Software Lead for ARC. Led a team of 40 engineers and architected three in-house neural networks that take camera frames in and decisions out.

NN 1 — 6D Pose Estimation

The first network predicts the opponent's 6-DoF pose (position + orientation) from a single camera frame. The output is enough to know not just where the opponent is, but which way it's facing — critical for choosing an approach angle.

Sensor fusion (EKF + IMU): The vision pose is fused with the bot's on-board IMU (Inertial Measurement Unit — accelerometer + gyroscope, hundreds of Hz) through an Extended Kalman Filter. The NN gives accurate-but-slow fixes; the IMU is fast-but-drifty; the EKF combines them into one smooth 6-DoF estimate, even between camera frames.

Jargon:

Pose: Position + orientation.
6-DoF: Three position numbers + three orientation numbers.
Keypoint: A labeled landmark (e.g., weapon tip) the network finds.
IMU: Sensor with an accelerometer (linear motion) and gyroscope (rotation).
EKF: Filter that fuses noisy sensor streams into a single best estimate. "Extended" handles nonlinear rotation.
Drift: Error that builds up integrating IMU motion alone — corrected by the vision fix.

NN 2 — Semantic Segmentation @ 90 FPS

The second network is a semantic segmentation model that labels every pixel of the camera feed as opponent-or-not. Trained from scratch and quantized to run at 90 FPS on-bot.

Blue pixels = the opponent mask predicted by the network on live arena footage.

Segmentation gives us a much richer signal than a bounding box: we can see partial occlusions, shape changes during a flip, and exact weapon-arm geometry — all of which feed the strategy network downstream.

Jargon:

Semantic segmentation: Classify every pixel in an image. Output is a mask the same size as the image.
Mask: A per-pixel label map. Here, a binary mask: opponent vs. not.
Encoder–decoder: The standard segmentation architecture — compress the image into features, then expand back to a pixel map.
Quantization: Compressing the network's weights (e.g., 32-bit → 8-bit) so it runs faster on edge hardware with minimal accuracy loss.
FPS: Frames per second. 90 FPS = ~11 ms per frame.
Edge inference: Running the network on the bot, not over a wireless link.

NN 3 — Strategy (PPO)

A policy network trained with PPO (Proximal Policy Optimization). The agent plays against itself in simulation, learning which actions win.

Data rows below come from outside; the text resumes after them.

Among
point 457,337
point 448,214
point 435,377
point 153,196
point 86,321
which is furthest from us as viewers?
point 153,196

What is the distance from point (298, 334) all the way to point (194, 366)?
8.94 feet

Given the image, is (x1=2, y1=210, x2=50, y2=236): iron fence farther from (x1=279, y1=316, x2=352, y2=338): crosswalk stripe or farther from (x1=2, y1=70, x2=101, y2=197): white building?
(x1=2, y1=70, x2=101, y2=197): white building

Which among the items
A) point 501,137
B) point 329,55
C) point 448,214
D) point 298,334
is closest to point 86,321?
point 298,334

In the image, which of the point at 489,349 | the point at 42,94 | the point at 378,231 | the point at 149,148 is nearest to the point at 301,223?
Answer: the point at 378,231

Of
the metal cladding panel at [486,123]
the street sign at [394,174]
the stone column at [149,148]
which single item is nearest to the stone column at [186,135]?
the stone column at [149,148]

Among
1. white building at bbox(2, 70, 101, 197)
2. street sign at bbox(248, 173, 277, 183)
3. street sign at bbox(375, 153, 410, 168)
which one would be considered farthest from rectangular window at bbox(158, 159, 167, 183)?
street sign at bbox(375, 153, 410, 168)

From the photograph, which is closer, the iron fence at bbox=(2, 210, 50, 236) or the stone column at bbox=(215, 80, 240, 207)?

PPO training dashboard: win rate, throttle, distance, planned paths.

Jargon:

RL: Train by rewarding good outcomes and penalizing bad ones.
PPO: Stable RL algorithm; only allows small policy updates per step.
Policy network: Maps current state → action.
Reward shaping: Designing the reward (we reward hits; penalize idle time and flips).
Self-play: Train against past versions of yourself.

Why three networks?

Splitting pose → segmentation → policy gives each stage a clean contract, lets us train and debug them separately, and lets each run at the frame rate it actually needs.